The Pink Ghetto Pipeline: Challenges & Opportunities for Women in Legal Education Article
Date of Publication:
Renee Nicole Allen et al., The Pink Ghetto Pipeline: Challenges & Opportunities for Women in Legal Education, 96 U. Det. Mercy L. Rev. 525 (2019)Clicking on the button will copy the full recommended citation.
The demographics of law schools are changing and women make up the majority of law students. Yet, the demographics of many law faculties do not reflect these changing demographics with more men occupying faculty seats. In legal education, women predominately occupy skills positions, including legal writing, clinic, academic success, bar preparation, or library. According to a 2010 Association of American Law Schools survey, the percentage of female lecturers and instructors is so high that those positions are stereotypically female.
The term coined for positions typically held by women is “pink ghetto.” According to the Department of Labor, pink-collar-worker describes jobs and career areas historically considered “women’s work,” and included on the list is teaching. However, in legal education, tenured and higher-ranked positions are held primarily by men, while women often enter legal education through non-tenured and non-faculty skills-based teaching pipelines. In a number of these positions, women experience challenges like poor pay, heavy workloads, and lower status such as by contract, nontenure, or at will.
While many may view this as a challenge, looking at these positions solely as a “pink ghetto” diminishes the many contributions women have made to legal education through the skills faculty pipelines.

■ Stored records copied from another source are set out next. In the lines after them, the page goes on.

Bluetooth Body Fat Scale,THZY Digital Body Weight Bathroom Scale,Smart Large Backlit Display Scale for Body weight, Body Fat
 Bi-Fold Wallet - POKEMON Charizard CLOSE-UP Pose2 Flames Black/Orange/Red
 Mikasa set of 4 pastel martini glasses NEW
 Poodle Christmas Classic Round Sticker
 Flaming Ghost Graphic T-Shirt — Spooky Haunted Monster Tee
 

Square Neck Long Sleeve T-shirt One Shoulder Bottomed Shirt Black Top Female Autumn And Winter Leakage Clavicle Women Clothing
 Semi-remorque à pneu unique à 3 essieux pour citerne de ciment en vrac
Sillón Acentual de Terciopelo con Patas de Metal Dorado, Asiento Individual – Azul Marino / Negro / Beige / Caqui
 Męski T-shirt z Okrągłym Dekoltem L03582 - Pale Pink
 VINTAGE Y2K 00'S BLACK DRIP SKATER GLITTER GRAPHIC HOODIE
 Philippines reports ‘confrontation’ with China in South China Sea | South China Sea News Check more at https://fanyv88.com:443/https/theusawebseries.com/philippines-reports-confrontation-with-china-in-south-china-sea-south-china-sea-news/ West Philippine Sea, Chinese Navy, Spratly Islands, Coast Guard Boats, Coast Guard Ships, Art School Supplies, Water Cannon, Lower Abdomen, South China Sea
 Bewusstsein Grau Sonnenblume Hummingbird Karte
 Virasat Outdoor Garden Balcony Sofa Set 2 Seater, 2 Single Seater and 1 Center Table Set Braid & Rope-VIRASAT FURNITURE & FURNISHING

Conversely, we miss the opportunity to examine how legal education has changed and how women have accepted the challenge of being on the front line of educating this new generation of learners while enthusiastically adopting the American Bar Association’s new standards for assessment and student learning. There is an opportunity for women to excel in these positions if we provide them with allies who champion for equal status and provide the requisite support.
This article focuses on the changing gender demographics of legal education, legal education pipelines, and the role and status of women in higher education with an emphasis on legal education. The final section applies feminist pedagogy to address challenges, opportunities, and aspirations for women in legal education.